Il serre la main à des collègues, échange quelques bons mots à usage interne.

— Alors juste un... dis-je.

Formule stupide qui m'a échappé. Je me suis fait l'effet d'un pauvre bougre qui se sent glisser sur la pente coupable des soirs de paie. Alors juste un...

Deux coupes qu'il confisque à d'autres mains, moins rapides. Encore quelques embrassades obligatoires. Je ne peux pas l'accaparer pendant qu'il fait son boulot. Je me laisse tenter par une seconde coupe qui m'est apparue sans que je la cherche, et la descends en deux traits. Est-ce que cela voudrait dire que je suis définitivement guéri. Ou définitivement foutu. J'essaie de l'emmener dans un endroit discret pour lui montrer la photo, mais il se laisse happer par ses collègues, prend des notes et s'assure toutes les cinq minutes que j'ai bien de quoi boire et manger pour me faire patienter. Et ça m'énerve. Le fait d'être systématiquement réductible à un gentil parasite qui a le gosier en pente commence à me peser. Surtout depuis que le cloporte s'est mis à fréquenter les sangsues. Je l'attrape par le bras, à bout de patience.

— Je t'envie, Antoine... rien à penser qu'à faire la fête. C'est bien toi le plus heureux, tiens... Tu m'excuses mais moi j'ai du travail.

Il a sournoisement appuyé sur le dernier mot.

Travail.

Je l'ai laissé repartir vers ses collègues.

Travail.

J'ai accusé le coup et me suis assis sur les marches du cinéma, comme sonné, une coupe vide en main.

Travail?...

C'est bien ce qu'on dit des parturientes prêtes à expulser la vie ? C'est ce truc qui passe avant même la famille et la patrie ? C'est bien ce machin qui rend libre, d'après les nazis ? C'est bien ça, le travail ? Et c'est toi, petit homme, qui vas me faire tout un catéchisme sur le principe de réalité ? Rien qu'en deux syllabes ?

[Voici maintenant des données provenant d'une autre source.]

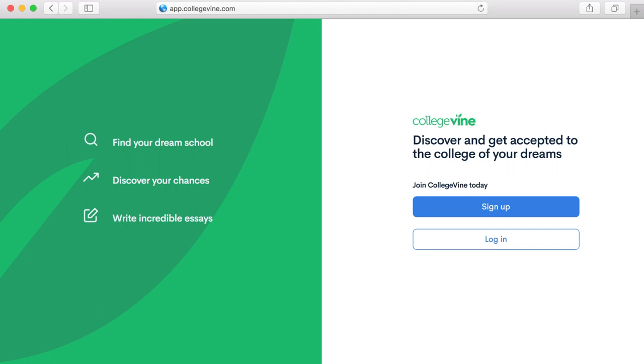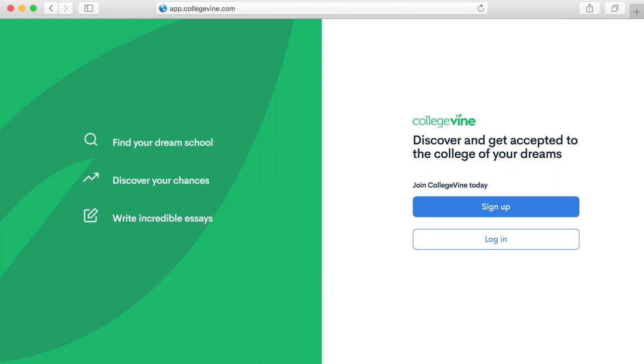Thank you to the four of you who submitted questions this week — hopefully those answers were helpful not only to you but to everyone listening. If you have a question you'd like us to answer, drop it in the comments below and we'll feature some of you in upcoming weeks. Don't forget that if you're looking for free guidance on your essays, applications, and more, you can visit app.collegevine.com and sign up for a free account. See you next week for our latest Q&A.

Le travail ? Quand, dès l'enfance, les cours de lettres contredisent ceux de mathématiques. Quand le rêve n'est pas une science exacte. Quand on ne sait plus comment aimer la vie quand on va au cinéma. Quand il ne reste plus qu'à attendre les petits matins plutôt que les grands soirs.

Travail.

Ça durera le temps que ça durera, mais je continuerai à m'immiscer dans les sécrétions huileuses de la machine, les parois graisseuses du système, en pensant que le Champagne est la réponse à toutes les questions et que la fête est le dernier rempart contre le travail.

Ce que tu ne soupçonnes pas, petit homme qui se fout de ma gueule, c'est qu'à l'instar du labeur, la fête ne s'arrête jamais non plus. Que si l'on a du mal à cerner l'essentiel, il nous reste une chance d'essayer avec le futile. Comment te raconter qu'un soir plein de flonflons et de folie ébrieuse, j'ai vraiment cru, juste quelques secondes, posséder l'être du monde. Ces rares moments de grâce où tout s'imbrique sans qu'on sache vraiment quoi, peut-être un riff de guitare, un sourire inconnu, le regard d'une belle, deux coupes qui s'entrechoquent, une petite phrase impeccable, la brutale évidence d'avoir un ami. Ça arrive sans prévenir, ça dure le temps d'une étincelle, et ça s'oublie au réveil. C'est pour la retrouver, chaque soir, que je furète. En sachant mieux que personne que le piège du lendemain m'attend déjà, béant, les mâchoires grandes ouvertes.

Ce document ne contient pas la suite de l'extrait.